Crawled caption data
___

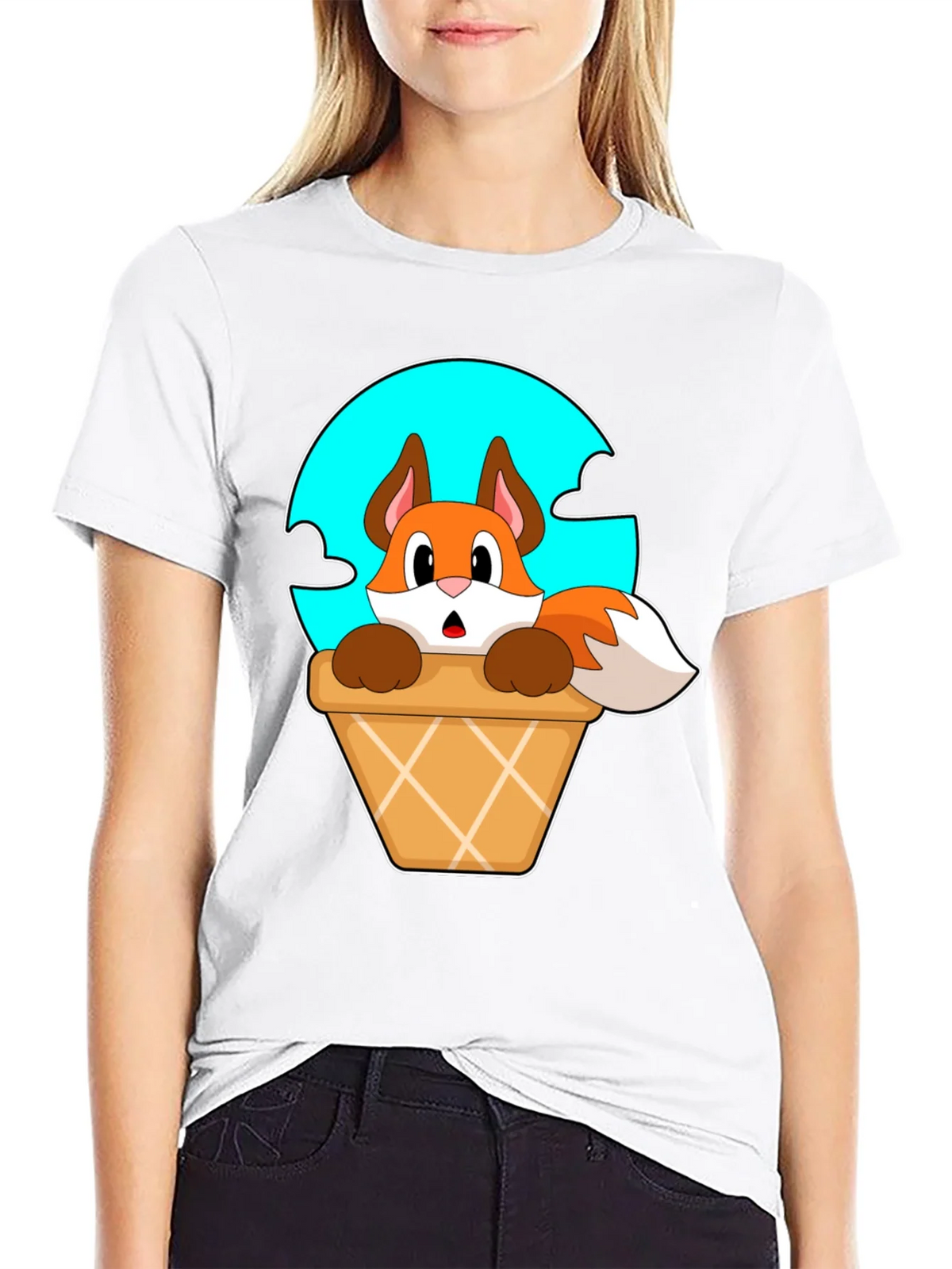 Fox in Ice Cream Cone T-Shirt - Cartoon Animal Tee product image 8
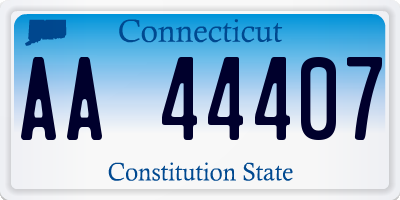 CT license plate AA44407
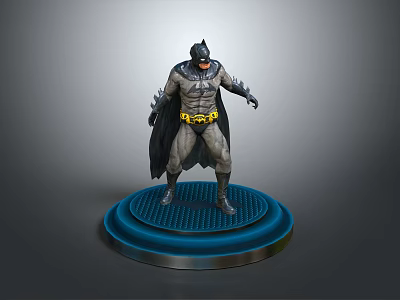 Detailed Batman Action Figure Home Decor Collectible With Blue Base Stand And Intricate Design 3d model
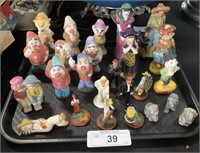 Chalkware Snow White/7 Dwarf Figures, Cast Iron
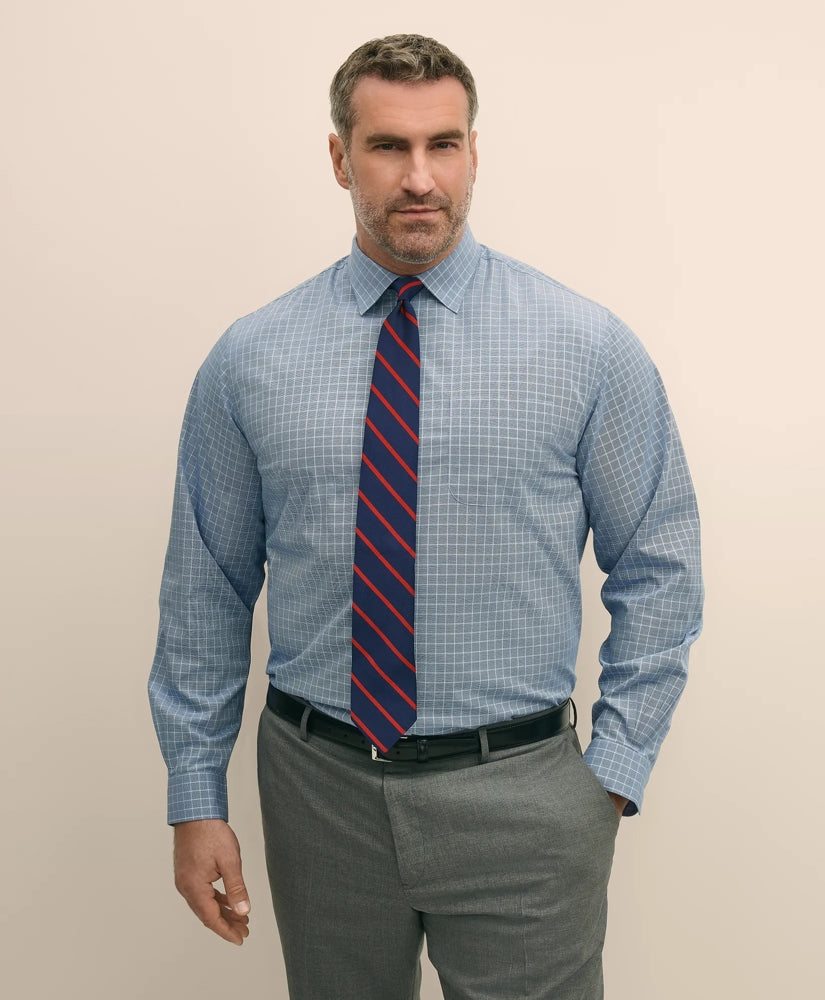 Big & Tall Stretch Cotton Broadcloth Non-Iron Ainsley Collar Windowpane, Dress Shirt / Brooks Brothers Sale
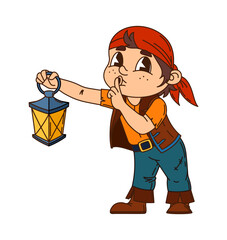 Boy kid pirate with lantern cartoon funny character. Kid corsair skipper cute isolated personage, pirate crew boatswain happy vector character. Filibuster child fighter funny isolated mascot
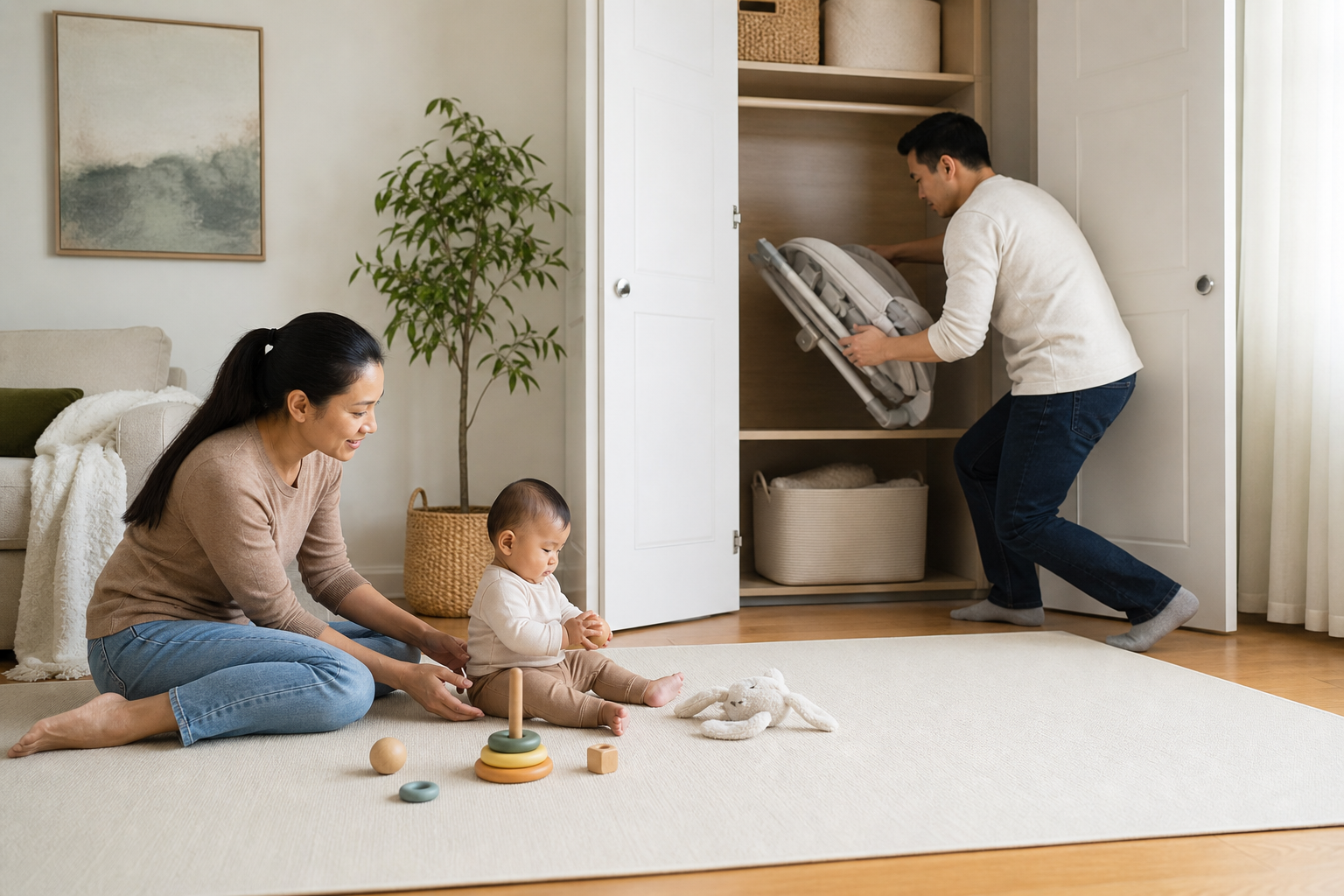 A parent puts an empty rocker into a closet while a sitting baby plays on a floor mat with another adult nearby.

___

EXERCISE OBJECTIVE
Without the pictures, return the entries exactly as they appear.

PROBLEM SOLUTION
 Fox in Ice Cream Cone T-Shirt - Cartoon Animal Tee product image 8
 CT license plate AA44407
 Detailed Batman Action Figure Home Decor Collectible With Blue Base Stand And Intricate Design 3d model
 Chalkware Snow White/7 Dwarf Figures, Cast Iron
 Big & Tall Stretch Cotton Broadcloth Non-Iron Ainsley Collar Windowpane, Dress Shirt / Brooks Brothers Sale
 Boy kid pirate with lantern cartoon funny character. Kid corsair skipper cute isolated personage, pirate crew boatswain happy vector character. Filibuster child fighter funny isolated mascot
 A parent puts an empty rocker into a closet while a sitting baby plays on a floor mat with another adult nearby.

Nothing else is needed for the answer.